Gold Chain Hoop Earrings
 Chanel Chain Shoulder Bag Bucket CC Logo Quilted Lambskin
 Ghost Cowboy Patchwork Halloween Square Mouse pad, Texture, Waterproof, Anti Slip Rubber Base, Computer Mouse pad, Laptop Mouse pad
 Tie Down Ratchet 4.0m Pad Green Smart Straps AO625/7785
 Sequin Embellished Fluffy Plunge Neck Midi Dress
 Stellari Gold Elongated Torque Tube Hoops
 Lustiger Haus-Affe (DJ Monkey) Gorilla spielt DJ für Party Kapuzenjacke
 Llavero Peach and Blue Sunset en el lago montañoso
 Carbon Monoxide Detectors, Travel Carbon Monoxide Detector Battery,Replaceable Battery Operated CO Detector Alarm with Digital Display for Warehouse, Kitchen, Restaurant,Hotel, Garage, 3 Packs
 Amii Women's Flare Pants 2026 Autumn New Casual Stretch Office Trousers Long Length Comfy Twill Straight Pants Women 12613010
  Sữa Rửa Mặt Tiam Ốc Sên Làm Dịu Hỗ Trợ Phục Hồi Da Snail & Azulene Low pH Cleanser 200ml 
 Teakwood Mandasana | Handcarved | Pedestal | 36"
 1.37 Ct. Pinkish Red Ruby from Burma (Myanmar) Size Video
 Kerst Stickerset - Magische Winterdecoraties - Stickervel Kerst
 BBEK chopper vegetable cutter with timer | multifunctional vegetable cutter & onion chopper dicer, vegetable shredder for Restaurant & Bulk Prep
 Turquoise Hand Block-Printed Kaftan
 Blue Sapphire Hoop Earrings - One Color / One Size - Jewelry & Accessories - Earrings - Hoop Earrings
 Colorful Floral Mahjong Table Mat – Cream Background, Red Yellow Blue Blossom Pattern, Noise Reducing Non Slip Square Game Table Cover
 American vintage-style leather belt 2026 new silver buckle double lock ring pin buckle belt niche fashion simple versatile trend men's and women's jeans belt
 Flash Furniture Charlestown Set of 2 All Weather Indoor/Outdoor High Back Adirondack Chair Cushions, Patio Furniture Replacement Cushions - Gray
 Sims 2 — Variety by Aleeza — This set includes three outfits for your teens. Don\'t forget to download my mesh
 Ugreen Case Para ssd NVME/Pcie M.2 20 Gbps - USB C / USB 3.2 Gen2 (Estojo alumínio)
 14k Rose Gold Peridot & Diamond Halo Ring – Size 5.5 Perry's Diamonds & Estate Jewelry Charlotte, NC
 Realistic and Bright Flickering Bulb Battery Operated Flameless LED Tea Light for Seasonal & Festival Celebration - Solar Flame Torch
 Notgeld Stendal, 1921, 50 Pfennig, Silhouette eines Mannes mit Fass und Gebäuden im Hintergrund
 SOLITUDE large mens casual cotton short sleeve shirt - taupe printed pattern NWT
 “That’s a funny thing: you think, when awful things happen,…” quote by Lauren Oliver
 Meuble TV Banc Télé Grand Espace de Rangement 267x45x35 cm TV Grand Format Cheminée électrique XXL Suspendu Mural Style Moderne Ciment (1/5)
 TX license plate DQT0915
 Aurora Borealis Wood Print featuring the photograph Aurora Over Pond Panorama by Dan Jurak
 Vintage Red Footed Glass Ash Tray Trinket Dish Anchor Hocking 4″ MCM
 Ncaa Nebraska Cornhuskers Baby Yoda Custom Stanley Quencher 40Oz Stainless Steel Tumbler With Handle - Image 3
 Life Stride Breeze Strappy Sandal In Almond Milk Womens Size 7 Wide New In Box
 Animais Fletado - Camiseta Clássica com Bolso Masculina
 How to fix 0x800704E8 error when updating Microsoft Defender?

Instructions for the task - For this task, write out exactly the lines of the entries above, starting at the line with "Llavero Peach and" and ending at the line with "Carbon Monoxide Detectors, Travel", both included, and no others.

Solution for this task -
 Llavero Peach and Blue Sunset en el lago montañoso
 Carbon Monoxide Detectors, Travel Carbon Monoxide Detector Battery,Replaceable Battery Operated CO Detector Alarm with Digital Display for Warehouse, Kitchen, Restaurant,Hotel, Garage, 3 Packs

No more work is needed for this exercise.